Möchten Sie einen Einsatzplatz anbieten? Denken Sie darüber nach, Flüchtlinge in Ihrem Betrieb zu beschäftigen? Informieren Sie sich unverbindlich:

Manasse Burkard (Teamleitung):  061 267 58 23, manasse.burkard@bs.ch

 

Unterstützung für die Arbeitgebenden

Die Fachstelle koordiniert und begleitet die Lerneinsätze, arbeitet eng mit Partnerorganisationen zusammen und ist Ansprechpartnerin für Arbeitgebende.

Sie übernimmt:

  • die Vermittlung in geeignete Praxiseinsätze
  • das Einholen von Arbeitsbewilligungen für Lerneinsätze
  • Coaching-Gespräche und die Begleitung in der Einarbeitungszeit
  • die Nachbegleitung bei einer Temporär- oder Festanstellung
  • Bei Bedarf: Standortgespräche im Betrieb, Zielvereinbarungen
  • Bei Bedarf: Fachliche Unterstützung der Arbeitgebenden bei Fragen oder Konflikten

 

Anschlusslösung und Weiterqualifizierung

Aus manchen Lerneinsätzen ergibt sich bei beidseitiger Zufriedenheit ein Praktikum mit einem verbindlichen Vertrag und einem regulären Praktikumslohn.
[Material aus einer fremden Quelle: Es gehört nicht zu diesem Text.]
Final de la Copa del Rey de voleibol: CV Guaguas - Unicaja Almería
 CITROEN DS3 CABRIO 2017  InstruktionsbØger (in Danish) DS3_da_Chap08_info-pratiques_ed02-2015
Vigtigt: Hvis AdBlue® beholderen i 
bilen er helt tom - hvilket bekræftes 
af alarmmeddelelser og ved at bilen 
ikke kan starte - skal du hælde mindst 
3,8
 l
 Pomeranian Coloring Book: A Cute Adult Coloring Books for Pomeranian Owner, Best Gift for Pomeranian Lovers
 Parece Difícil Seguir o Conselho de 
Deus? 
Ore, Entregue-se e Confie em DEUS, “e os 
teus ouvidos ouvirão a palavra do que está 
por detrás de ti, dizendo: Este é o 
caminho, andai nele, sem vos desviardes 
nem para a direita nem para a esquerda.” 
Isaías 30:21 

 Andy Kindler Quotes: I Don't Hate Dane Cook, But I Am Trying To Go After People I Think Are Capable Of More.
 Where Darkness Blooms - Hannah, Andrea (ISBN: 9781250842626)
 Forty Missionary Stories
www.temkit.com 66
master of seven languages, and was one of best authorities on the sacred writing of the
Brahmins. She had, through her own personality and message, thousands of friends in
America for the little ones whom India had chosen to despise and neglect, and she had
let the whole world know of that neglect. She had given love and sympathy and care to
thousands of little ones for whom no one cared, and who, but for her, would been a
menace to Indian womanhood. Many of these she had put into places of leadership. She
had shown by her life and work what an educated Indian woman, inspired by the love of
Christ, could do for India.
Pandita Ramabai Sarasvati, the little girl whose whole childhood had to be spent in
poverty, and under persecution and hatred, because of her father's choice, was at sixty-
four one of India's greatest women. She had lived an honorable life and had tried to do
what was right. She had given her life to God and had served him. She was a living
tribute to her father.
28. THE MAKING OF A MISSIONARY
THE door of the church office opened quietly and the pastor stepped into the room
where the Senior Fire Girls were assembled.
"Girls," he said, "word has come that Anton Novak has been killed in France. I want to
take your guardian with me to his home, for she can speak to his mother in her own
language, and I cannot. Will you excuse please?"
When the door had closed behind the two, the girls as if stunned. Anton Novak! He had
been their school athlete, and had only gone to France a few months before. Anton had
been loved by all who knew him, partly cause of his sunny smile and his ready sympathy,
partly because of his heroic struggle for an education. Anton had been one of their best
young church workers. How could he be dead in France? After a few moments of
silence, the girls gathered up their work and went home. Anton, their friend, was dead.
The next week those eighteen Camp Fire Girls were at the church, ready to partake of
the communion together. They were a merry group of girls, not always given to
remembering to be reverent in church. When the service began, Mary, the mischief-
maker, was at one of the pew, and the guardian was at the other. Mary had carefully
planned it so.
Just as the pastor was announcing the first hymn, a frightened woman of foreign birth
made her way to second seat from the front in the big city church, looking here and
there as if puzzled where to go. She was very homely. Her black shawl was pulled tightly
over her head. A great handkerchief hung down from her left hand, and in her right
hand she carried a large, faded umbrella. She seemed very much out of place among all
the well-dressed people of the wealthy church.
Im besten Fall folgt darauf eine Anstellung.

Bei jungen Flüchtlingen wird, wenn immer möglich, eine Berufsausbildung angestrebt, meist in Form einer Lehrstelle.

In anderen Situationen empfiehlt sich als nächster Schritt eine Weiterbildung oder ein Qualifizierungsprogramm mit formaler Anerkennung, um die Chancen auf dem Stellenmarkt zu erhöhen. Dazu gehören zum Beispiel Computerkurse oder Lehrgänge im Pflege-, Reinigungs- oder Gastrobereich.

In einer Bewerbungswerkstatt der Fachstelle erhalten die Flüchtlinge ein Bewerbungstraining und Unterstützung beim Zusammenstellen ihres Dossiers.